PROBLEM DETAILS — After locating the line that contains "Axe Fury Bravo" in the records below, write out exactly that line and each line after it through the one that contains "کلبه دوخوابه سید ۲", and nothing else.

(RECORDS FOR THIS EXERCISE begins)

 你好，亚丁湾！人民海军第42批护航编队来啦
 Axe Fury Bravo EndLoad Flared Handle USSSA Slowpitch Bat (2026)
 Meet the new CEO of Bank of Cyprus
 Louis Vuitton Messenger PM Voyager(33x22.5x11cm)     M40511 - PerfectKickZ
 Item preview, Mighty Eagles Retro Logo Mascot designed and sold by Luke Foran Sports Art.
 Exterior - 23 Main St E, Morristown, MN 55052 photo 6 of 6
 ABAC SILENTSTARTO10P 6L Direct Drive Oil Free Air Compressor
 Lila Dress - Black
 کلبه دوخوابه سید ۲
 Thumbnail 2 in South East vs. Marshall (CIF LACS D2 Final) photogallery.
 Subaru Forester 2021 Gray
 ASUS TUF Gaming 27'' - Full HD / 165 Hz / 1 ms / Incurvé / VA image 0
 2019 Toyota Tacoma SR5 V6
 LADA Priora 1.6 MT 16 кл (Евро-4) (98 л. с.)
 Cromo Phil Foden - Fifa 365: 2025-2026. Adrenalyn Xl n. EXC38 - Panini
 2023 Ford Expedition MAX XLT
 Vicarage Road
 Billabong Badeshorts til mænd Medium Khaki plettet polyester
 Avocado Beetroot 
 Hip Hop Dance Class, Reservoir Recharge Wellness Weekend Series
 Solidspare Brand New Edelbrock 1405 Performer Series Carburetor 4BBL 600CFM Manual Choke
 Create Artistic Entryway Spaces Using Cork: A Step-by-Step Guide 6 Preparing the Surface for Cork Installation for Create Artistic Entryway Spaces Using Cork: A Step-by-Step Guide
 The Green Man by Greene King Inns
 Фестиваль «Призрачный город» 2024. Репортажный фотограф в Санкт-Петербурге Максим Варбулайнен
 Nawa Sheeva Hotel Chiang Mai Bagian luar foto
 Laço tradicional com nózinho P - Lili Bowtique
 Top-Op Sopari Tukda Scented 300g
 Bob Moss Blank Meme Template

(RECORDS FOR THIS EXERCISE ends)

REPLY TO THE EXERCISE —
 Axe Fury Bravo EndLoad Flared Handle USSSA Slowpitch Bat (2026)
 Meet the new CEO of Bank of Cyprus
 Louis Vuitton Messenger PM Voyager(33x22.5x11cm)     M40511 - PerfectKickZ
 Item preview, Mighty Eagles Retro Logo Mascot designed and sold by Luke Foran Sports Art.
 Exterior - 23 Main St E, Morristown, MN 55052 photo 6 of 6
 ABAC SILENTSTARTO10P 6L Direct Drive Oil Free Air Compressor
 Lila Dress - Black
 کلبه دوخوابه سید ۲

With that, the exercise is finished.